(Beginning of Material for the task)

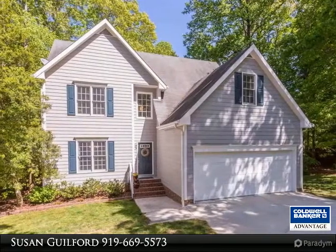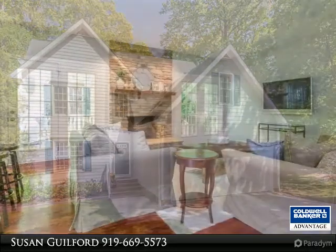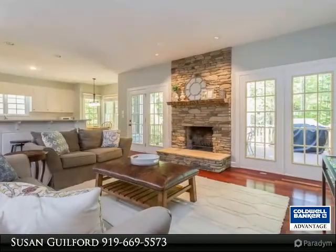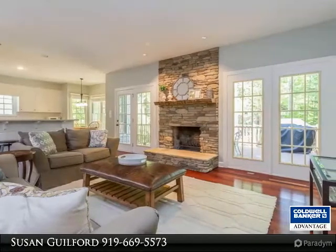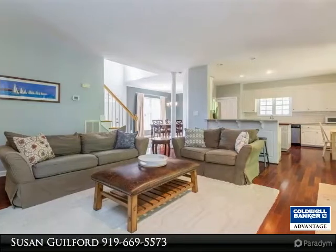Turnkey beautifully updated home in North Raleigh. Open floor plan plus new kitchen in 2015 with white cabinets, granite tops, and subway tile backsplash. 2015 stainless steel appliances includes double oven. New paint throughout, carpet 2013, 2008 Brazilian hardwood floors.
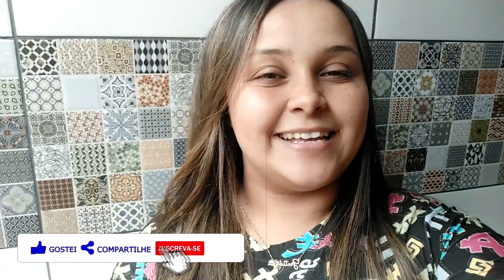Então curte, comenta aqui para mim o que você achou dessa receita, já se inscreve no canal para não perder nenhuma novidade. Fazendo isso, vem!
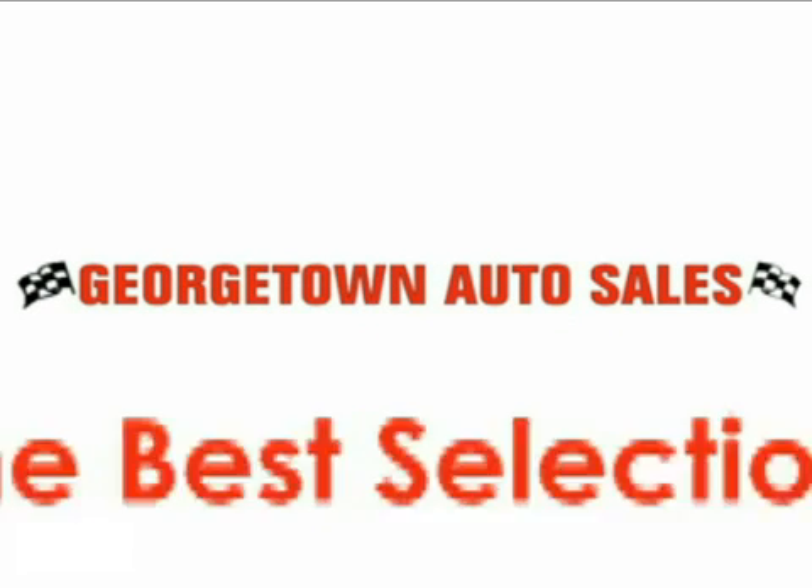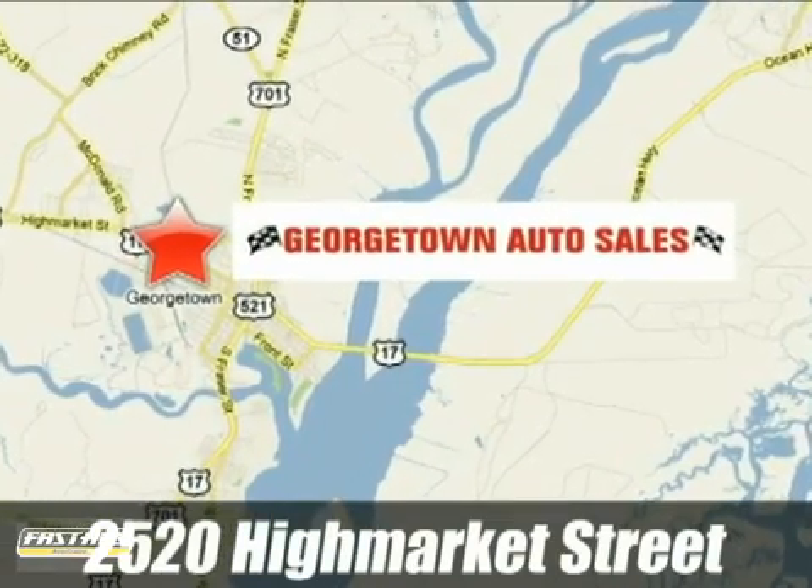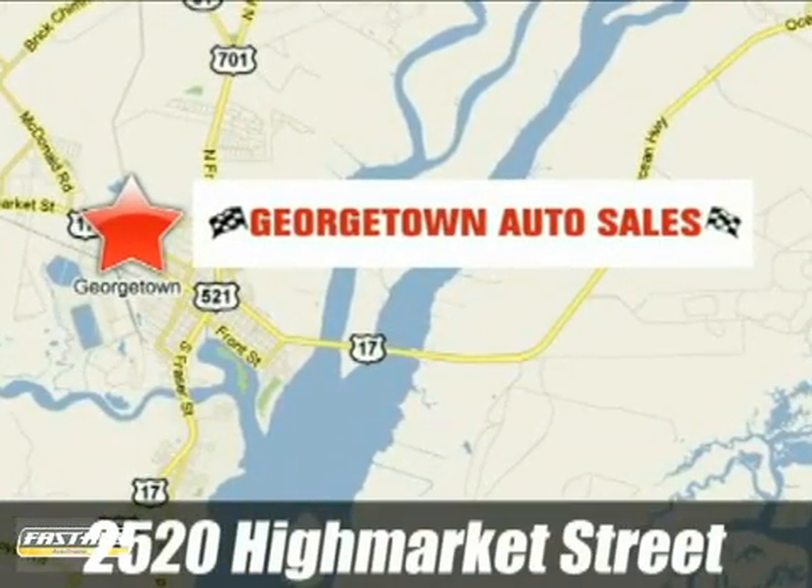Since 1984, Georgetown Auto Sales has provided the best selection and the best service. We're conveniently located at 2520 High Market Street in Georgetown, South Carolina.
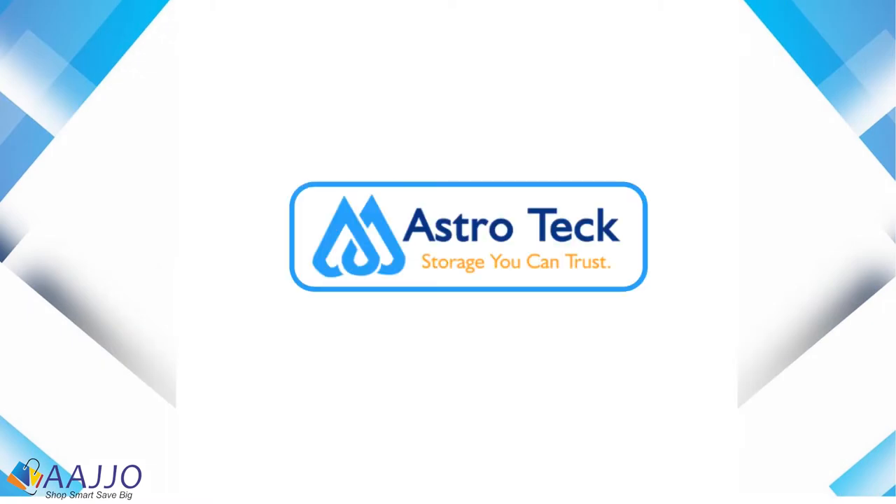Welcome to our channel. In this video, we will talk about AstroTac and why it is important to choose.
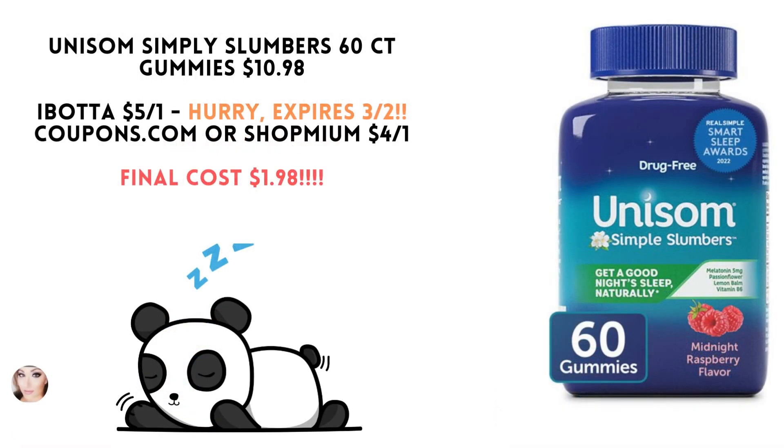The Unisom Simply Slumbers 60 count gummies are $10.98. Ibotta has a $5 rebate, but you'll want to hurry because this expires within about 24 hours. Coupons.com or Shopmium has a $4 off one, making your final cost only $1.98.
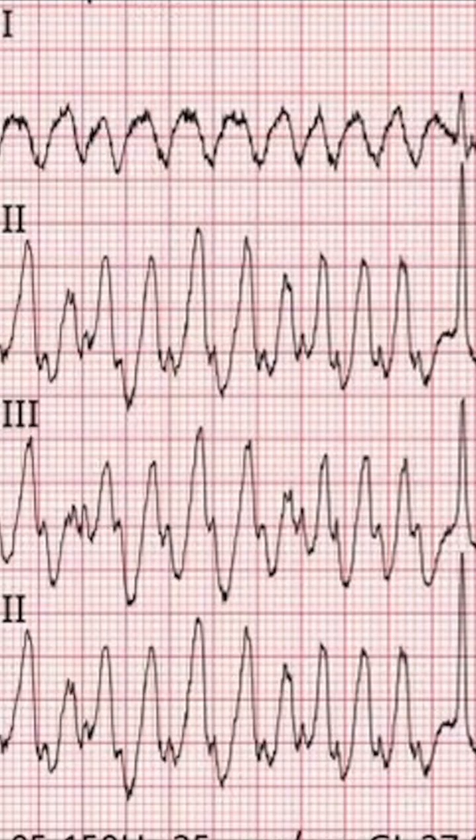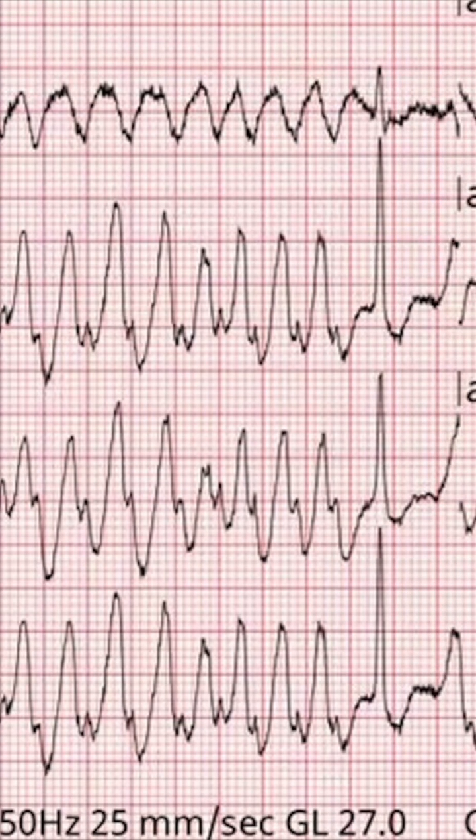This is AFib with Wolf-Parkinson-White. This is what it looks like — it essentially just looks like these scribbles where you can't tell if it's upright or downward or what direction things are pointing.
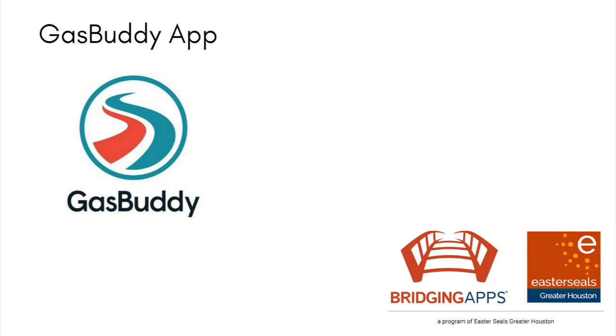To read the full app review for Gas Buddy, click on the link in the comments below or go to our website at bridgingapps.org and click on Find an App.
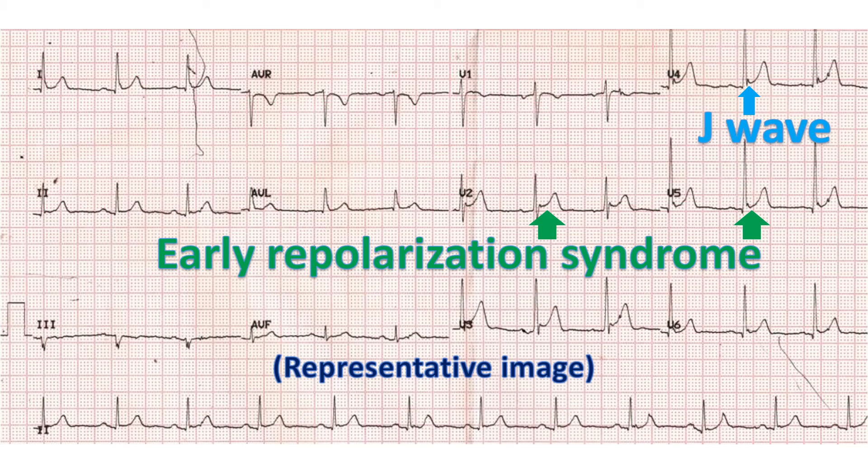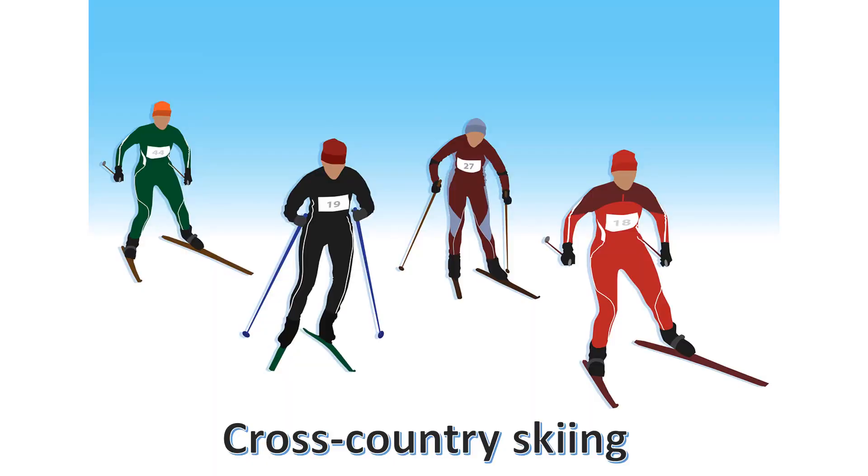First-degree and second-degree Mobitz type 1 atrioventricular block may be seen occasionally. Increase in QRS voltages satisfying criteria for left or right ventricular hypertrophy can be present. J-point elevation and early repolarization pattern has been reported. Biphasic T waves and T wave inversions can occur in athlete's heart syndrome. Most ECG changes due to increased parasympathetic tone disappear on exercise ECG, usually indicating their benign nature. ECG abnormalities are often associated with endurance sports like cycling, rowing, canoeing, and cross-country skiing.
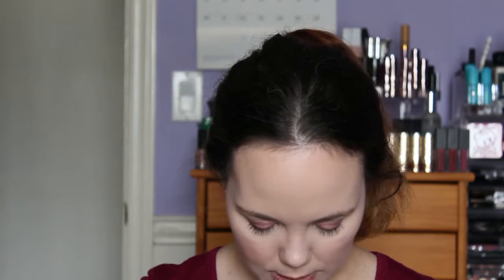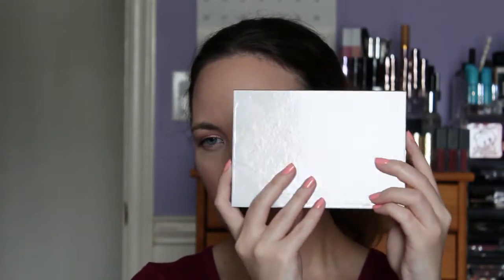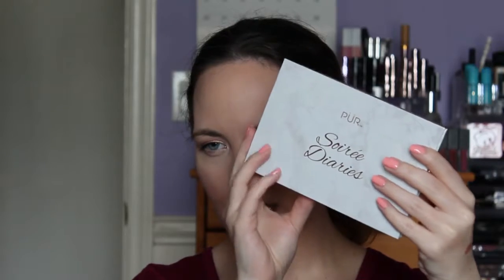The next thing we got is this big huge palette. This is by Pure — it's the Soirée Diaries. The packaging is actually quite beautiful — it's a white marble packaging with rose gold accents and rose gold writing. That's beautiful.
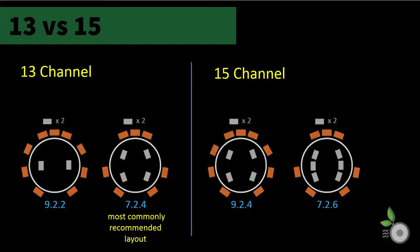Whether you opt for a 7- or a 9-channel base layer, both 13- and 15-channel processors can accommodate. However, you will lose two channels in the upper layers in doing so. A layer with front-wides moves from 9.2.4 to 9.2.2, and the more typical 7-channel base configuration goes from 7.2.6 to 7.2.4. As the 7.2.4 configuration is most commonly recommended, the 13-channel model should be sufficient for many, but does not leave room for expansion should this guidance change.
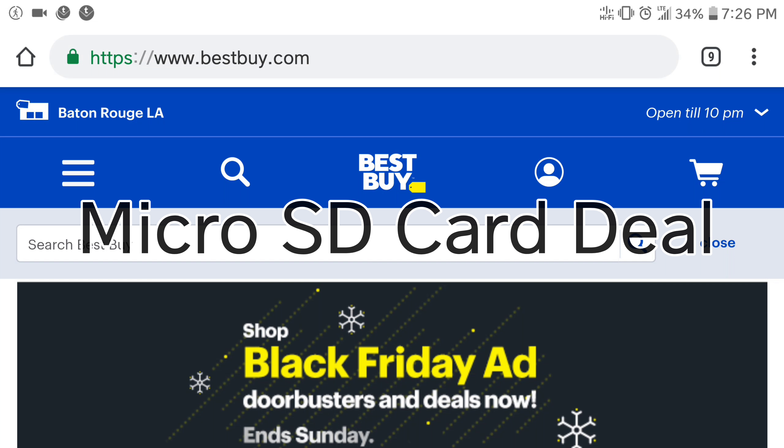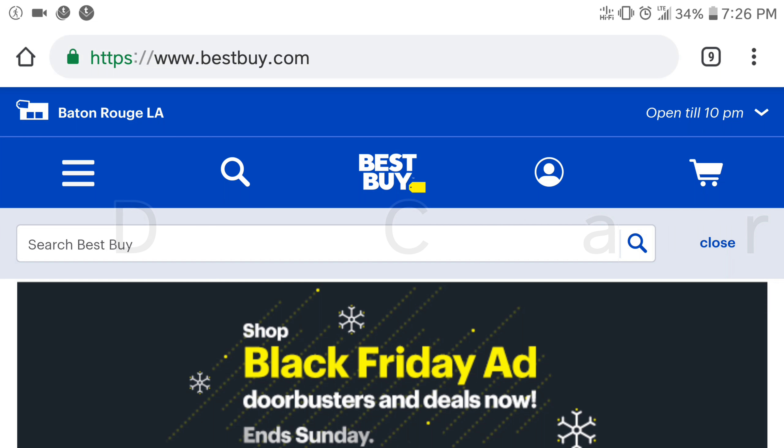Hello everybody, this is Clifton New with another one. And this time I'm bringing y'all a little bit of information on a Black Friday or pre-Black Friday sale at Best Buy.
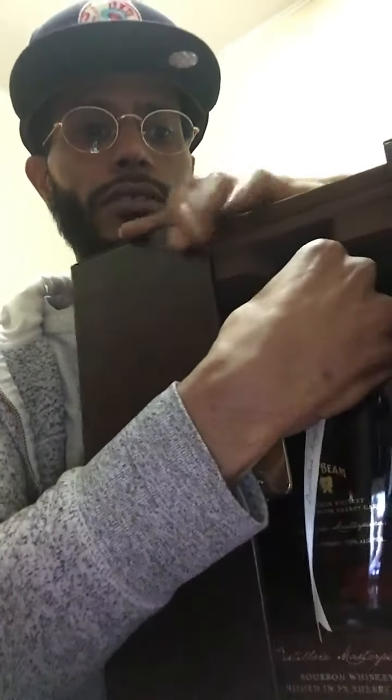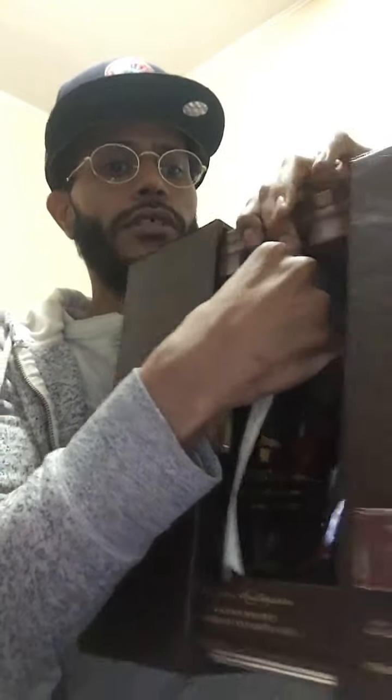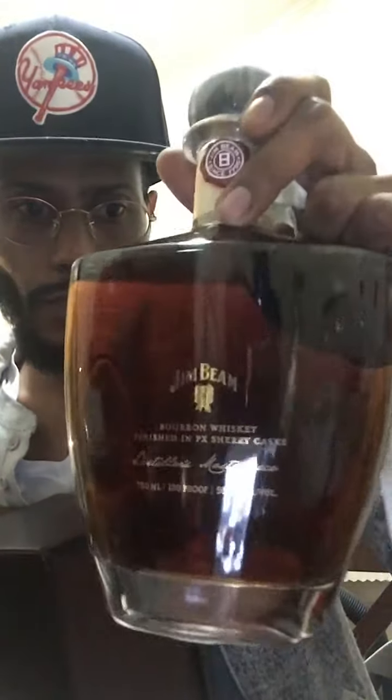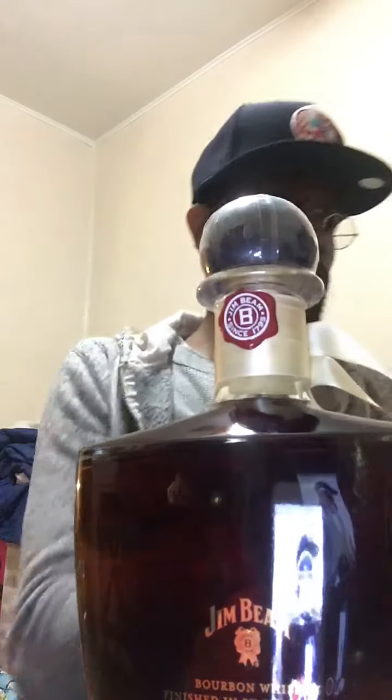This is just an uncorking video. So we're going to — let me take this out right here. Boom. Beautiful bottle. Nice tethers or whatever. And this is coming in at 100 proof, you know, 50% alcohol value. And it's finished in PX Jimenez Sherry Cask. It's beautiful right there. About to get into this.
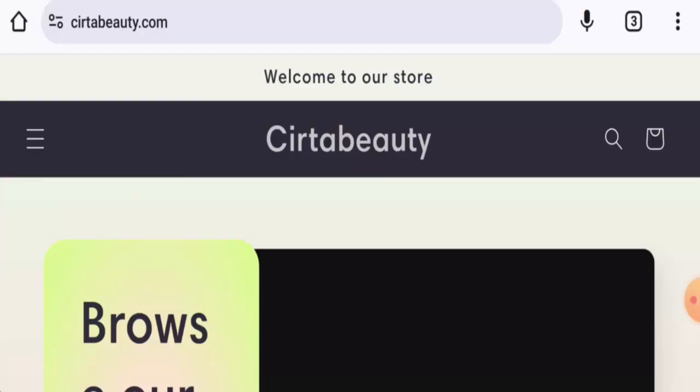Hello everyone, welcome. In today's video we are going to provide you with an unbiased review of Cerita Beauty. If you want to buy any product from this site, please do watch this video. And if you have already experienced any fraud on this website, or have not received a product or got a damaged product, watch this video till the end to find out how to get your money back. People from the United States are very interested to know about this site.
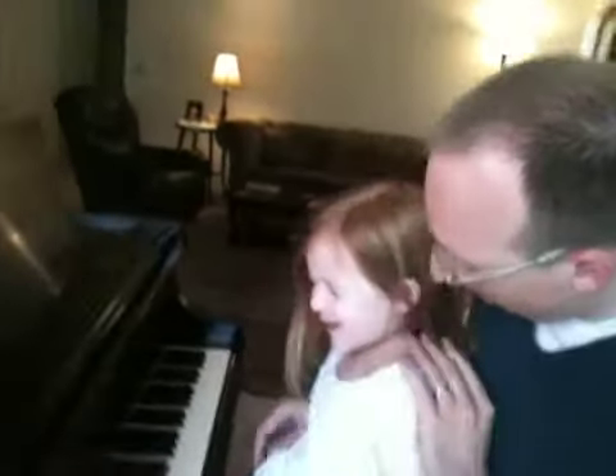Okay, Adalyn, shut your eyes. Is this a C? [No.] Is that a C? [Yeah.] Good. Is this a C? What about this? What about this? [Yeah.] Good.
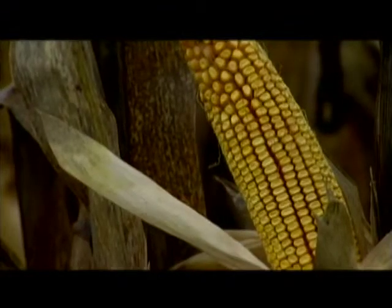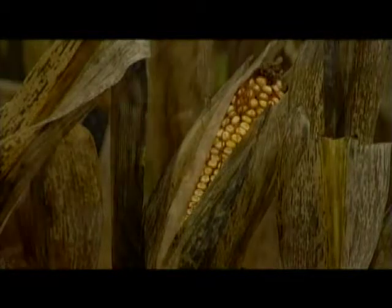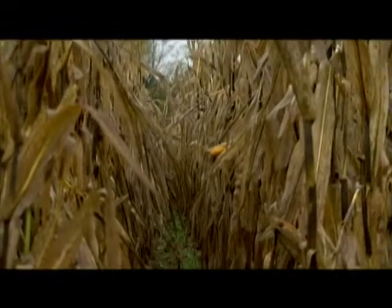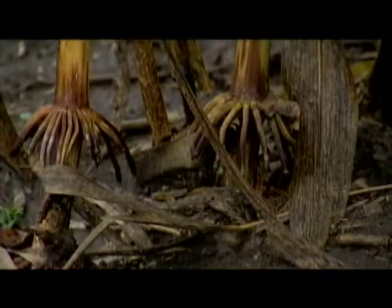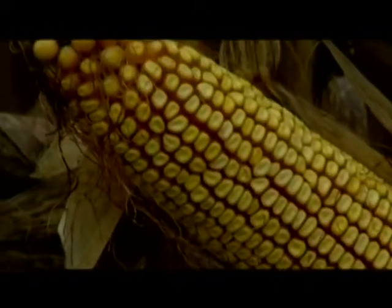A new corn technology is designed to give farmers a stronger defense against insects and weeds and to help increase yield potential. Called Genuity Smart Stacks corn, it is an all-in-one protection system that provides biotechnology traits to control above and below ground insects.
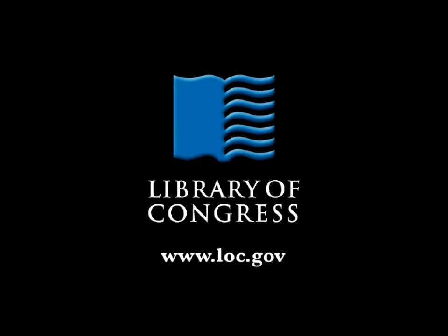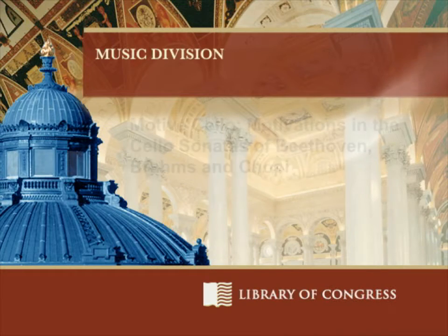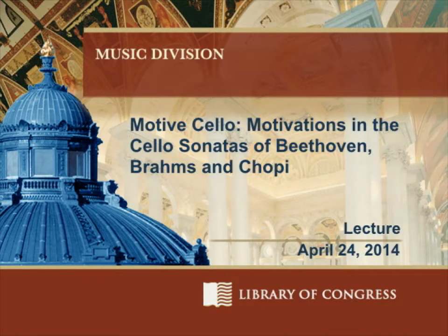From the Library of Congress in Washington, D.C. Good evening, everybody. My name is David Plyler. It's a great pleasure to see you all here. I'm a music specialist at the Library of Congress. I'm also a composer and a pianist, so that's my background.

(End of Material for the task)

> [Exercise directions]
Give again, exactly as written above, every line from the one holding "Hello everybody, this" to the one holding "A new corn technology", with both ends kept and the pictures left out.

> [Exercise result]
Hello everybody, this is Clifton New with another one. And this time I'm bringing y'all a little bit of information on a Black Friday or pre-Black Friday sale at Best Buy.
This is just an uncorking video. So we're going to — let me take this out right here. Boom. Beautiful bottle. Nice tethers or whatever. And this is coming in at 100 proof, you know, 50% alcohol value. And it's finished in PX Jimenez Sherry Cask. It's beautiful right there. About to get into this.
Hello everyone, welcome. In today's video we are going to provide you with an unbiased review of Cerita Beauty. If you want to buy any product from this site, please do watch this video. And if you have already experienced any fraud on this website, or have not received a product or got a damaged product, watch this video till the end to find out how to get your money back. People from the United States are very interested to know about this site.
Okay, Adalyn, shut your eyes. Is this a C? [No.] Is that a C? [Yeah.] Good. Is this a C? What about this? What about this? [Yeah.] Good.
A new corn technology is designed to give farmers a stronger defense against insects and weeds and to help increase yield potential. Called Genuity Smart Stacks corn, it is an all-in-one protection system that provides biotechnology traits to control above and below ground insects.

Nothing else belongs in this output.